Last edited: Feb 9, 2015
7. Feb 9, 2015

### micromass

Staff Emeritus
Yes, although not everybody calls it the adjoint. If you have a operator $T:B_1\rightarrow B_2$, then you can define $T^*:B_2^*\rightarrow B_1^*$ by $T^*(f) = f\circ T$. Only in Hilbert spaces does this give rise to an operator $B_2\rightarrow B_1$ by the Riesz isomorphisms.

8. Feb 9, 2015

### mathwonk

notice from micromass' definition the formula (ToS)* = S*oT* is immediate. i.e. since by definition,

we have T*(f) = foT, applying S* to both sides gives S*oT* (f) = foToS = (ToS)*(f).

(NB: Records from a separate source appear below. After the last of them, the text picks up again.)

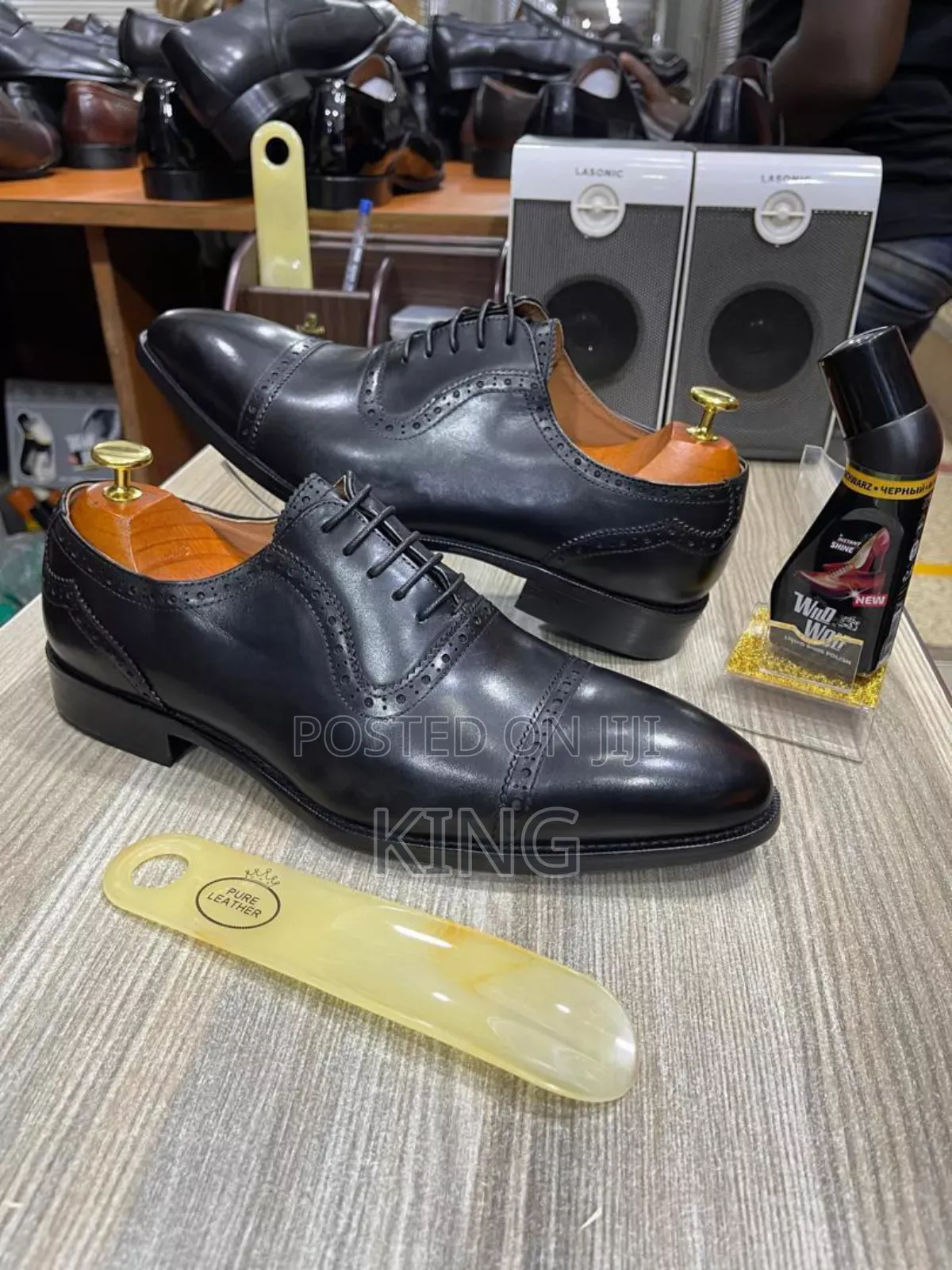 Mega Fest Leather Shoes. Big Time
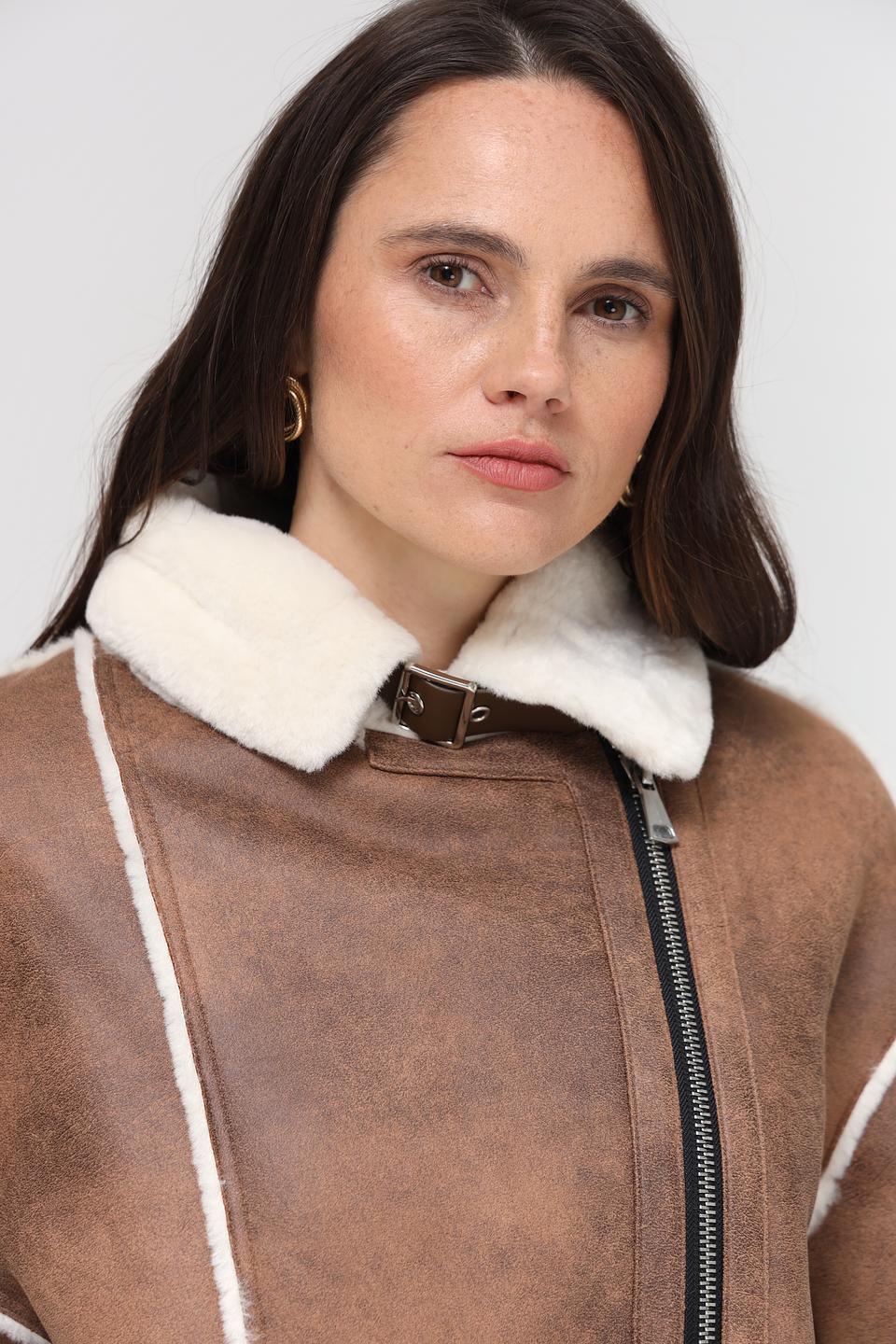 Куртка Electra style коричневая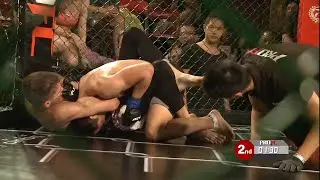 Taiwan MMA 🇹🇼 - Will Chope vs Yi Sak Kim - PROFC Taipei - Crazy Guilotine Finish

so it has nothing to do with the dimension being finite. and i think you can finesse fredrick's subtle remarks in case the maps are not defined everywhere, by saying, "and hence this holds wherever both sides make sense".

Last edited: Feb 9, 2015
9. Feb 9, 2015

### Hawkeye18

If you adapt the pretty standard in functional analysis notation $\langle x, f\rangle$ for $f(x)$, where $x$ is in a Banach space $X$ and $f$ is in its dual (i.e. a bounded linear functional on $X$) then the formula defining the adjoin (dual) operator is absolutely the same as for the Hilbert spaces. Only now, as micromass mentioned the dual operator acts between dual spaces. And the proof Frederik presented for $(AB)^*=B^*A^*$ for Hilbert spaces works in the case of Banach spaces without any changes.